**Data for this exercise:**
++++++++
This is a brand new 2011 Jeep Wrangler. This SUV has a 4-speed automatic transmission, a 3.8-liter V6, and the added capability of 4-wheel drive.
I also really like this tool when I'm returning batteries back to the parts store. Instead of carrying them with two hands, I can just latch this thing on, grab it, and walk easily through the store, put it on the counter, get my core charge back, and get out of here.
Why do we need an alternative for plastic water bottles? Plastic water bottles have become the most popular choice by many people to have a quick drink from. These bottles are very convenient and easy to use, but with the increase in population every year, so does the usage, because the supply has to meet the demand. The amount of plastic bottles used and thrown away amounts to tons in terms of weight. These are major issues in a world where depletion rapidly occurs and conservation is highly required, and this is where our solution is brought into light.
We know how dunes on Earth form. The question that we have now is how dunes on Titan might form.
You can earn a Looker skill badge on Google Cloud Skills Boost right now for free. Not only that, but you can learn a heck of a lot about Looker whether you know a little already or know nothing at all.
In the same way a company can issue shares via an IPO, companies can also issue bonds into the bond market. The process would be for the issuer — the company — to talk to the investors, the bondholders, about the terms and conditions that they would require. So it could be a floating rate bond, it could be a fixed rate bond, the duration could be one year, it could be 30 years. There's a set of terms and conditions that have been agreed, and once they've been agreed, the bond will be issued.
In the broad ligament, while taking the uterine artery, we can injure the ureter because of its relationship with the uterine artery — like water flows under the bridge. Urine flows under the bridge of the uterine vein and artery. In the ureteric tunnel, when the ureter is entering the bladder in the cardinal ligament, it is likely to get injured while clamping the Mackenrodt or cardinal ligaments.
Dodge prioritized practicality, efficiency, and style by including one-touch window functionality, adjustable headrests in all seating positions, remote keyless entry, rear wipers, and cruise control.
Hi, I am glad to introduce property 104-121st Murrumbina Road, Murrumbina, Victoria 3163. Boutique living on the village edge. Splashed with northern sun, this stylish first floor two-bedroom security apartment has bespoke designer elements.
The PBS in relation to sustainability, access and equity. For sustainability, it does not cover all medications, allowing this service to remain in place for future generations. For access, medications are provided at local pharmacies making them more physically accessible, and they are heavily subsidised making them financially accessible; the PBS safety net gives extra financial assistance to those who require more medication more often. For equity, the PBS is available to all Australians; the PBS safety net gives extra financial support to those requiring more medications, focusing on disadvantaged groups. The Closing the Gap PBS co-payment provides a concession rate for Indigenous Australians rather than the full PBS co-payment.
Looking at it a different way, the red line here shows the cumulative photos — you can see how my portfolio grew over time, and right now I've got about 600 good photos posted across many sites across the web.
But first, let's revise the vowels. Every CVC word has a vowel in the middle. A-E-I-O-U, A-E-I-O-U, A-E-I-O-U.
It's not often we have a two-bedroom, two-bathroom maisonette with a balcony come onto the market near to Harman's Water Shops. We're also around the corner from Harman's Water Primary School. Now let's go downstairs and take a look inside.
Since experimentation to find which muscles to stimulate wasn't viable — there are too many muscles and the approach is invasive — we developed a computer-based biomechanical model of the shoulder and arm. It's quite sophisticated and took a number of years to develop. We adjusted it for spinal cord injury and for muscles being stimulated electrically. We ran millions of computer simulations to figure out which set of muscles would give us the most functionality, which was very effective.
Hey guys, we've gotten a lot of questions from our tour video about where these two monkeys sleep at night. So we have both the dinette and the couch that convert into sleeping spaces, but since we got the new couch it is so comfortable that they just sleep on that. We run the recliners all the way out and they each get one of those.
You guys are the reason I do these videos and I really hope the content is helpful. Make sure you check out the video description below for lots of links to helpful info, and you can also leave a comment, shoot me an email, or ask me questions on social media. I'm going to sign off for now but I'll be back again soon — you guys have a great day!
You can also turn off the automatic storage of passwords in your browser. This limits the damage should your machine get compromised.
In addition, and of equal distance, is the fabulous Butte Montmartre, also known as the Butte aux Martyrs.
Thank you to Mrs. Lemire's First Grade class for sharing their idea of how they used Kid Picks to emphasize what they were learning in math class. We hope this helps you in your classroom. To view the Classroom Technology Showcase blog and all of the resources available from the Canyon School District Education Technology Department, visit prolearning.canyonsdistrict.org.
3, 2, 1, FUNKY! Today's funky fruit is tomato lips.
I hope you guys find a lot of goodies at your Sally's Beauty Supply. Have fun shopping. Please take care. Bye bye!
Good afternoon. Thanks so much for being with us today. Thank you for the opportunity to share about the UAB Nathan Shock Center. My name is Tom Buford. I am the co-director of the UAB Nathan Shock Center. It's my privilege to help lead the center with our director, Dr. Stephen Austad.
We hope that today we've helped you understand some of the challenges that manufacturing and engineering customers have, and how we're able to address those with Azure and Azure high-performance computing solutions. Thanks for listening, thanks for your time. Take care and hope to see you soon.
++++++++
**Exercise instructions:**
Across the listing above, count every line containing the string "care" and give the result with no comment.

**Solved problem:**
2